March 24, 2014

EDUARD FRIEDRICH MÖRIKE (1874)

One of Germany´s greatest lyric poets, some critics putting him next to his master Goethe.

After studying theology at Tübingen (1822-26) Mörike held several curacies before becoming in 1834 pastor of Cleversulzbach, the remote Württemberg village immortalized in Der alte Turmhahn where inhabitants and pastor are seen through the whimsical but percipient eyes of an old weathercock.

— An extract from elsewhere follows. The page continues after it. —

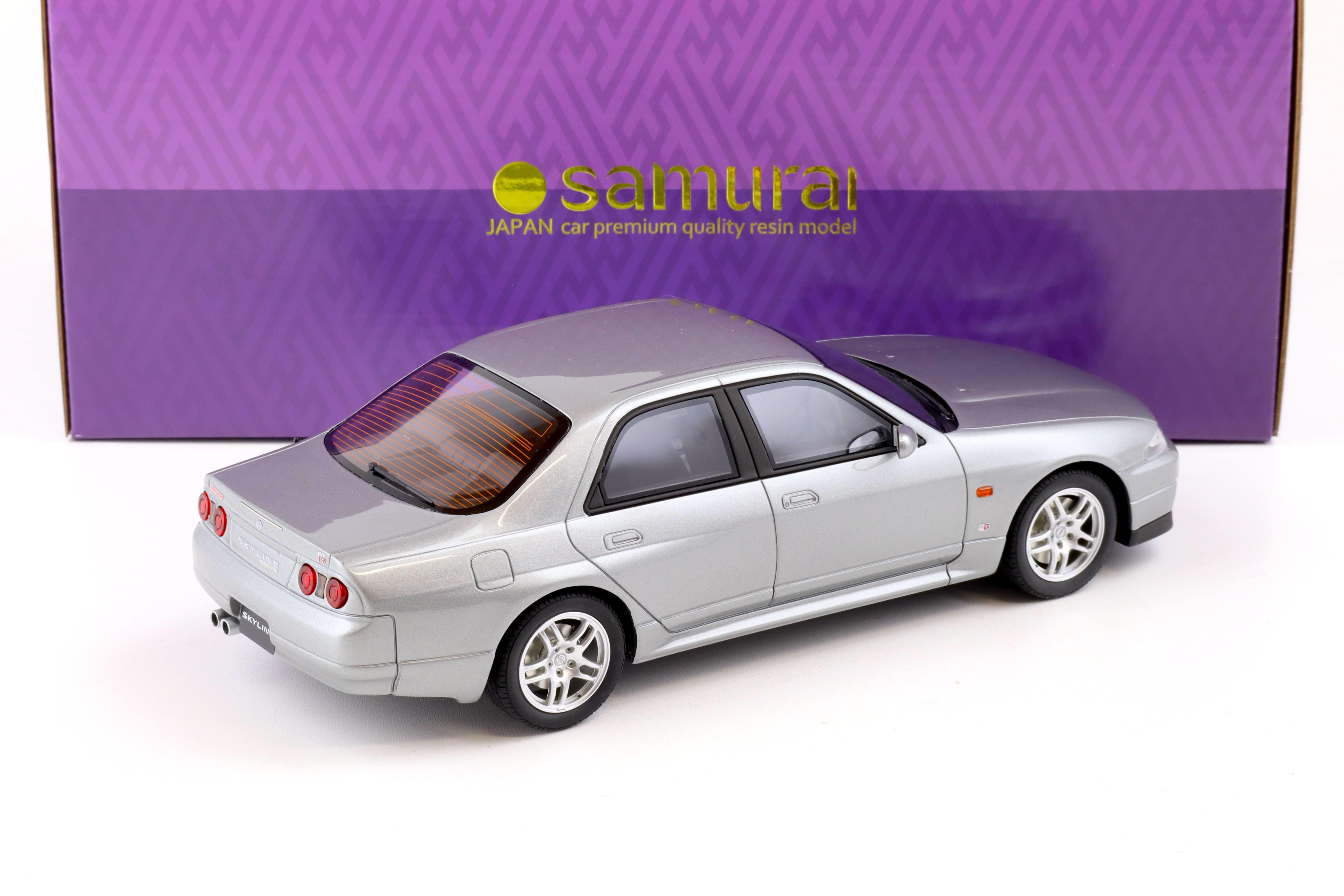 1:18 Kyosho Samurai Nissan Skyline GT-R Autech Version 40th Anniversary silver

All his life Mörike suffered from psychosomatic illnesses, no doubt intensified by unconscious conflict between humanism and church dogmas. When only 39 Mörike retired on a pension but after his marriage to Margarete von Speeth in 1851 he supplemented his pension by lecturing on German literature at a girls´school in Stuttgart. After happy years of rich literary achievement, tensions caused by Margarete´s jealously of Clara, Mörike´s sister who lived with them, almost killed his creative urge. Mörike spent his last two years with Clara and his younger daughter separated from Margarete and died poor and unhappy.

The variety of Mörike´s small output is astonishing. Everything he wrote has its distinctive flavour but in his early days romantic influences preponderate.

His novel Maler Nolten (1832) in addition to its stylistic perfection and phychological insight into mental unbalance explores the realm of the subconscious and the mysterious forces linking Nolten and his early love even beyond the grave. Mörike´s poems in folk-song style and his fairy tales also smack of German romanticism, though his best folk tale Das Stuttgarter Hutzelmännlein (1853) is peculiarly his own, with its Swabian background and humour. In his Novelle, Mozart auf der Reise nach Prag (1856) he penetrates deeper into Mozart´s personality than do many longer studies. 

It is as a lyric poet that Mörike is supreme. He handled free rhythms, sonnets, regular stanza forms and more particularly inhis later poems, classical metres, with equal virtuosity. The Peregrina poems, immortalizing a youthful love of his Tübingen days and the sonnets to Luise Rau, his one-time betrothed, are among the most exquisite German love lyrics.